= Beginning of Section =
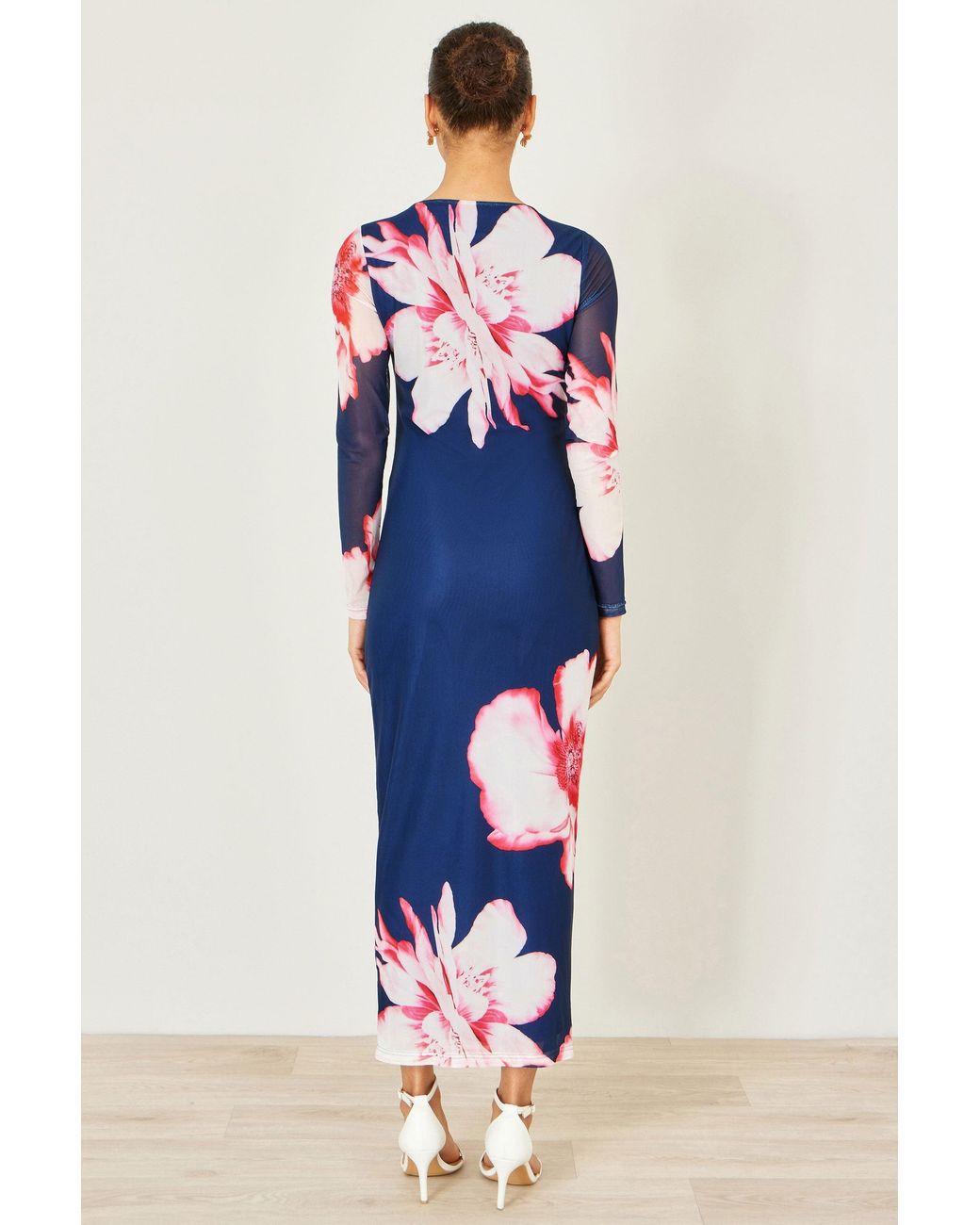 Yumi' Blue Floral Placement Floral Long Sleeve Mesh Maxi Dress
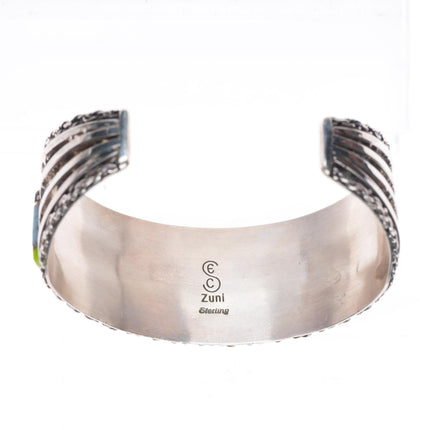 6.5" Eldred Seowtewa Zuni sterling silver muti-stone inlay cuff bracelet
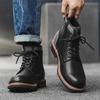 Fashion Men's Classic Retro Work Boots Mens Fashion Ankle Desert Boot Men High-top Lace-up Casual Leather Shoes Good Quality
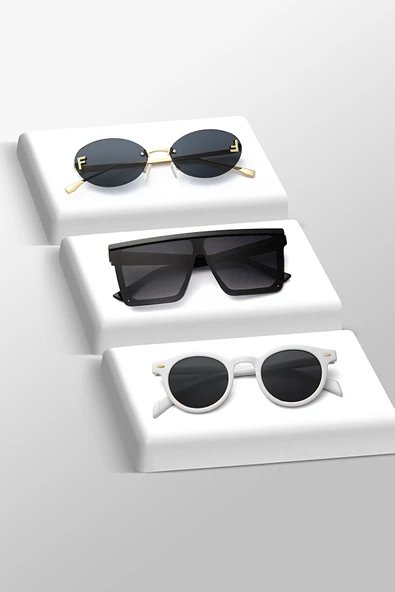UNISEX GÜNEŞ GÖZLÜĞÜ 3'LÜ SET 110 ürün görseli 1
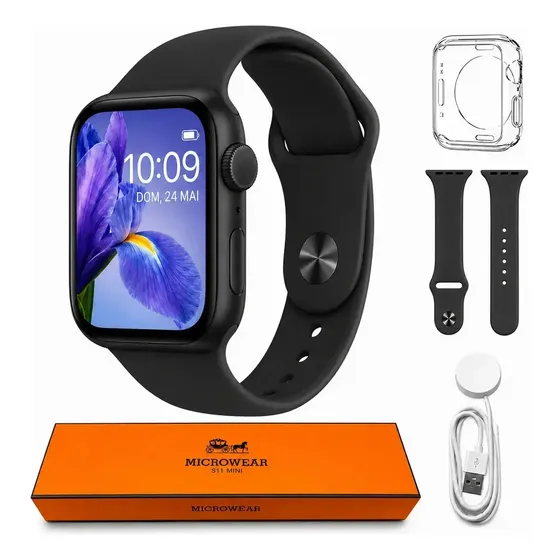 Relogio Microwear Smartwatch S11 Mini Series 11 42mm Whatsapp Gps Nfc Modo Esporte Fitness inteligente Preto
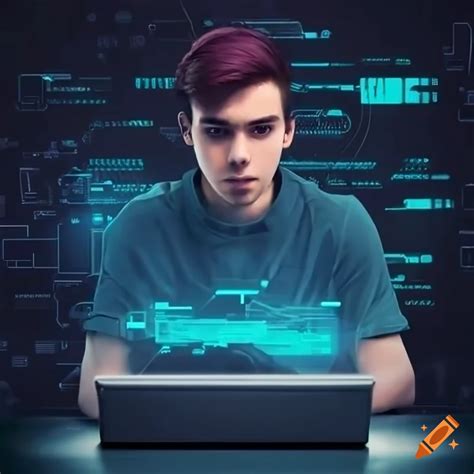 man playing computer and contemplating on craiyon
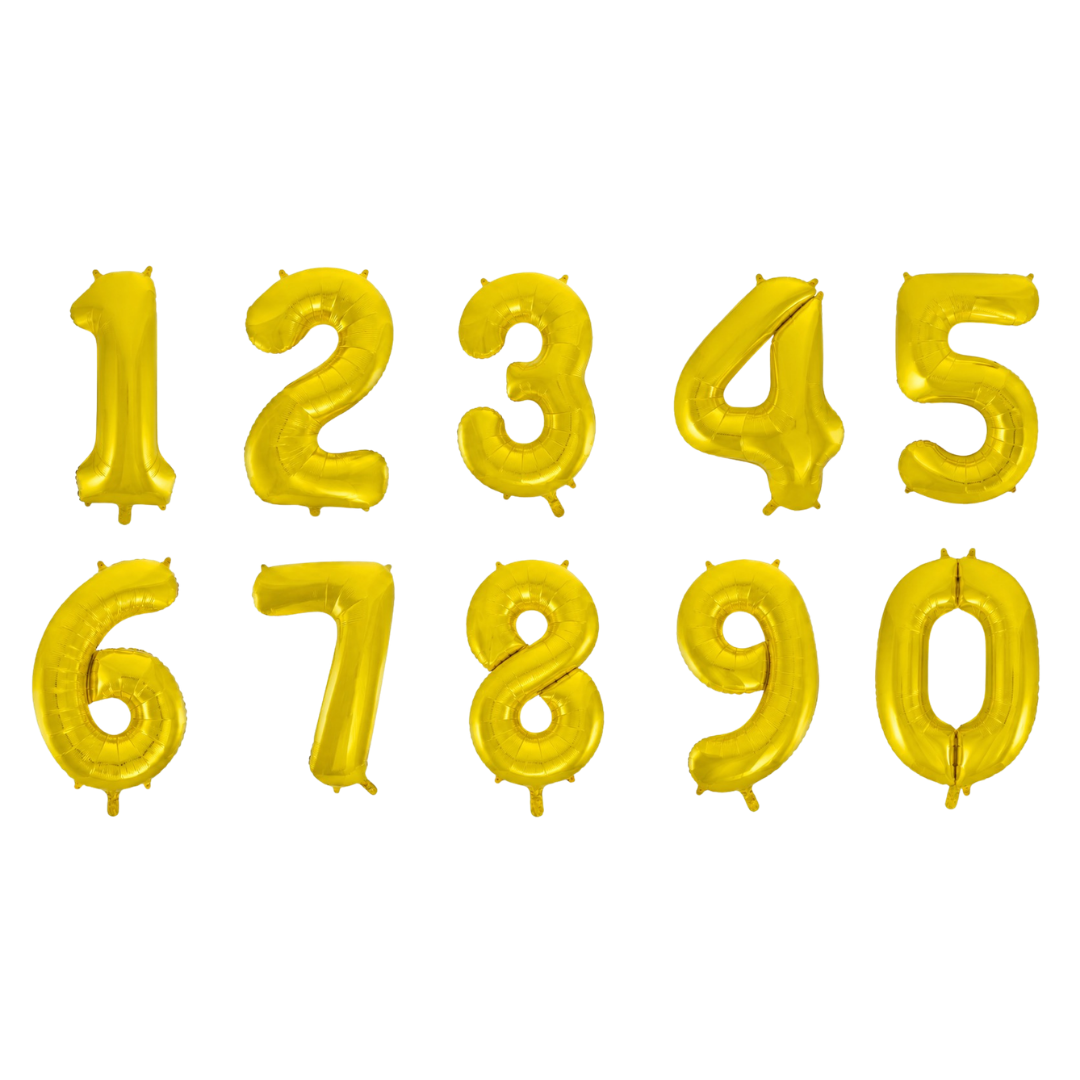 Giant Gold Helium-Filled Number Balloon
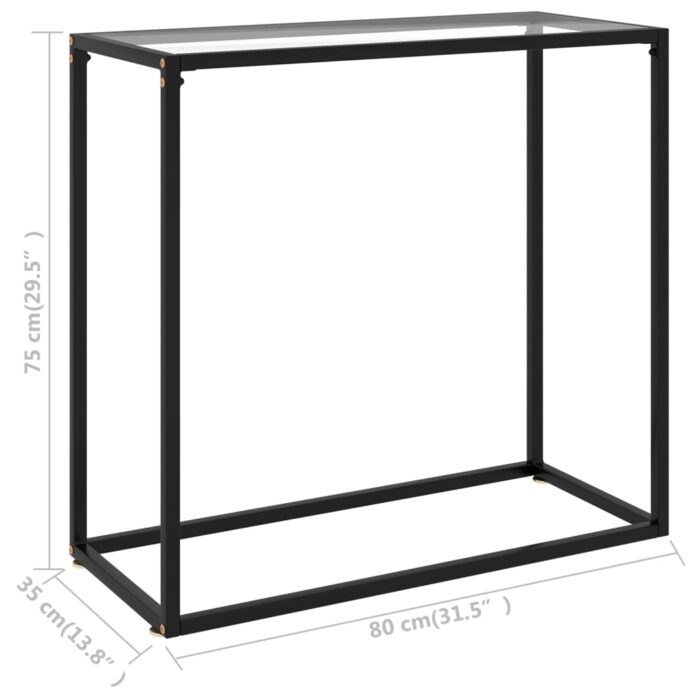 Table console Transparent 80x35x75 cm Verre trempé – Image 5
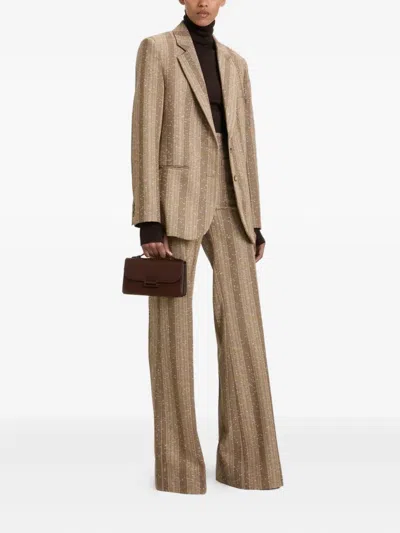 Victoria Beckham Checked Tailored Jacket In Brown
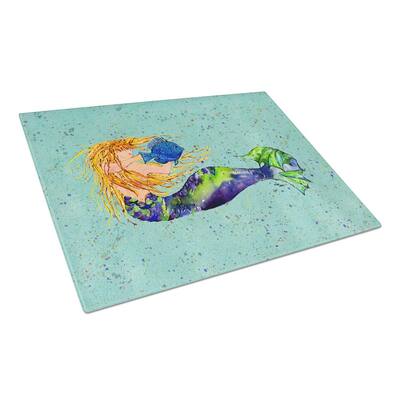 Mermaid Tempered Glass Large Cutting Board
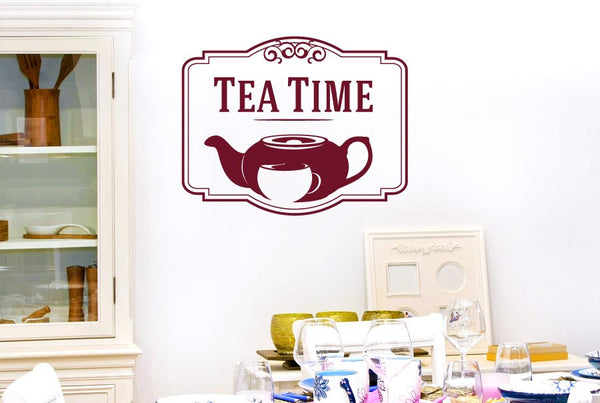 Tea Time With Tea Pot And Cup Wall Sticker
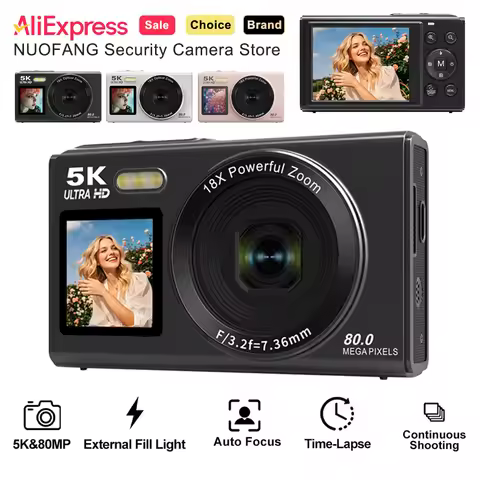80MP 5K Dual Screen Digital Camera - 18X Zoom Autofocus Selfie Camera for Vlogging, Portable Compact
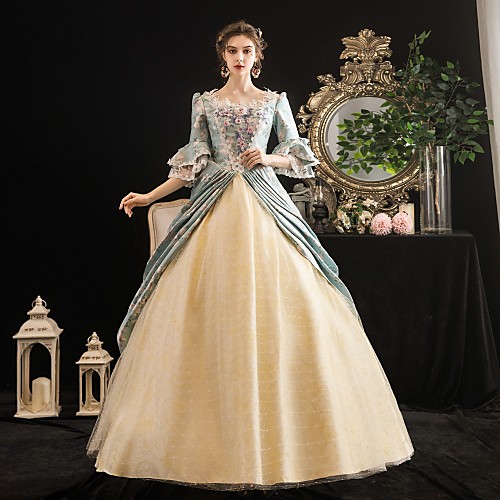 

Maria Antonietta Rococo Baroque Victorian Vacation Dress Dress Party Costume Masquerade Prom Dress Women's Costume LightBlue Vintage Cosplay Party Halloween Party & Evening Floor Length Ball Gown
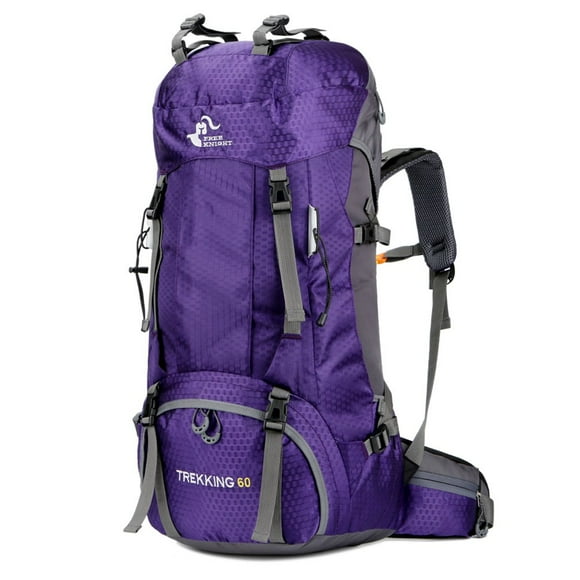 TFixol 60L Lightweight Hiking Backpack with Rain Cover, Expandable Travel Daypack for Camping & Outdoor Adventures, Purple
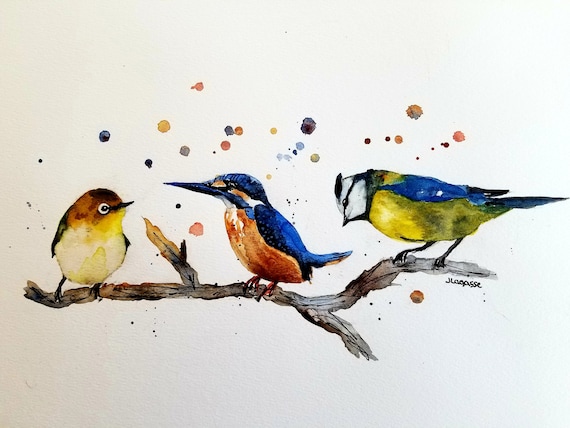 Bird Painting Animal Art Children's Room Art ORIGINAL - Etsy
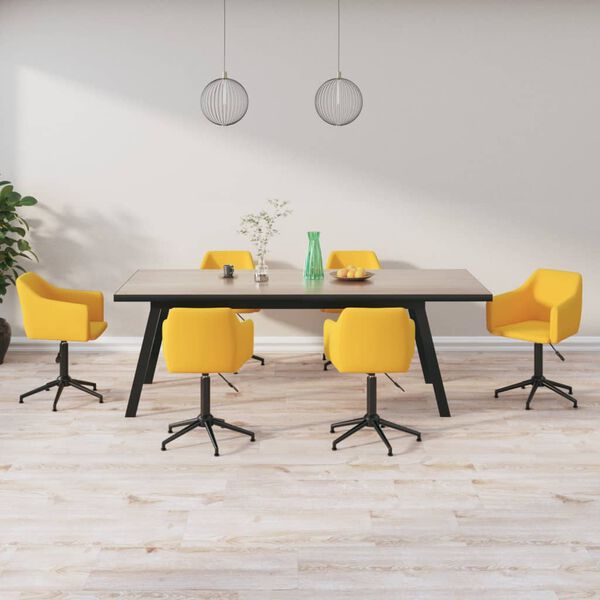 vidaXL Chaises pivotantes &agrave; manger lot de 6 Jaune Velours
= End of Section =
- The problem -
Return the material from the line containing "Fashion Men's Classic" through the line containing "Giant Gold Helium-Filled Number Balloon", exactly and in full, but without its pictures.

- Reply -
 Fashion Men's Classic Retro Work Boots Mens Fashion Ankle Desert Boot Men High-top Lace-up Casual Leather Shoes Good Quality
UNISEX GÜNEŞ GÖZLÜĞÜ 3'LÜ SET 110 ürün görseli 1
 Relogio Microwear Smartwatch S11 Mini Series 11 42mm Whatsapp Gps Nfc Modo Esporte Fitness inteligente Preto
 man playing computer and contemplating on craiyon
 Giant Gold Helium-Filled Number Balloon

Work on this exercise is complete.